Matchcode Optimization:Frequency Near
Frequency Near
Specifics
- The Frequency near algorithm will match the characters of one string to the characters of another without any regard to the sequence while allowing a set number of differences.
Summary
- Frequency Near can be used when 2 strings are expected to have the same characters, but might be transposed or have an insertion or deletion. For example "abcdef" would be considered a 100% match to "badcfe" or “badcfx”.
Returns
- Boolean ‘match’ if the compared data has the same values.
Example Matchcode Component
Example Data
STRING1 STRING2 RESULT Johnson Jhnsn Match Lynda Dylan Match A B D H T A T H D X Match A B D H T A T H D B Match
Performance | |||||
---|---|---|---|---|---|
Slower | Faster | ||||
Matches | |||||
More Matches | Greater Accuracy |
Recommended Usage
- Batch processing—this is a fast algorithm which will identify a greater percentage of duplicates because it will count exact matches and minor character transpositions.

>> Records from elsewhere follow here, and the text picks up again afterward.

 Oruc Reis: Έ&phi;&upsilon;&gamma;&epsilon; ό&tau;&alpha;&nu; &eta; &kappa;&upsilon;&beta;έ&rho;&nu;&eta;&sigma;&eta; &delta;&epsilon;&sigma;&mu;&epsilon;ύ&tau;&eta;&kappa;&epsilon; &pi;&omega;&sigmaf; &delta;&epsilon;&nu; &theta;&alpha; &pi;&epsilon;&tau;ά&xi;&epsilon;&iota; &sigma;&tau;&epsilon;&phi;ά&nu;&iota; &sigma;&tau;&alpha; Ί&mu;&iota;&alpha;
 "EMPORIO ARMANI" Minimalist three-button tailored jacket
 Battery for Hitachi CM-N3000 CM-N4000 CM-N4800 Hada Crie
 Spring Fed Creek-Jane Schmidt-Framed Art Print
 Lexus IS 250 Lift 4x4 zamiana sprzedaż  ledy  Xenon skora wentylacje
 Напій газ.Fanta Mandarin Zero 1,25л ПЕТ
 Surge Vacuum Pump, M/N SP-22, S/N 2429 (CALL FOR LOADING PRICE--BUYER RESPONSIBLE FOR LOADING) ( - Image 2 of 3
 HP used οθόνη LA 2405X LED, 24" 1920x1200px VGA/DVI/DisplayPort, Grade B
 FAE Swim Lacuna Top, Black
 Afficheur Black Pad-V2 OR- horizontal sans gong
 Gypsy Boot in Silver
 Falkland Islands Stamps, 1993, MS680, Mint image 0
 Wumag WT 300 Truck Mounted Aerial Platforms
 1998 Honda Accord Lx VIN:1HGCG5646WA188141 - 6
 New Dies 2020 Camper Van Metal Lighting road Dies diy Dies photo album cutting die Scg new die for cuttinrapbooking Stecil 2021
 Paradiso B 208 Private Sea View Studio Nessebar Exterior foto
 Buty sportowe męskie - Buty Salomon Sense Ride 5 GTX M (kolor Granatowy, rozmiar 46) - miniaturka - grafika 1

- This algorithm is also recommended when the data is comprised of single character dictionary values like ‘A B C’.
Not Recommended For
- Short name data types where a simple character transformation would represent a different value. This algorithm is also not recommended when trying to identify differences in long strings.
Do Not Use With
- UTF-8 data. This algorithm was ported to MatchUp with the assumption that a character equals one byte, and therefore results may not be accurate if the data contains multi-byte characters.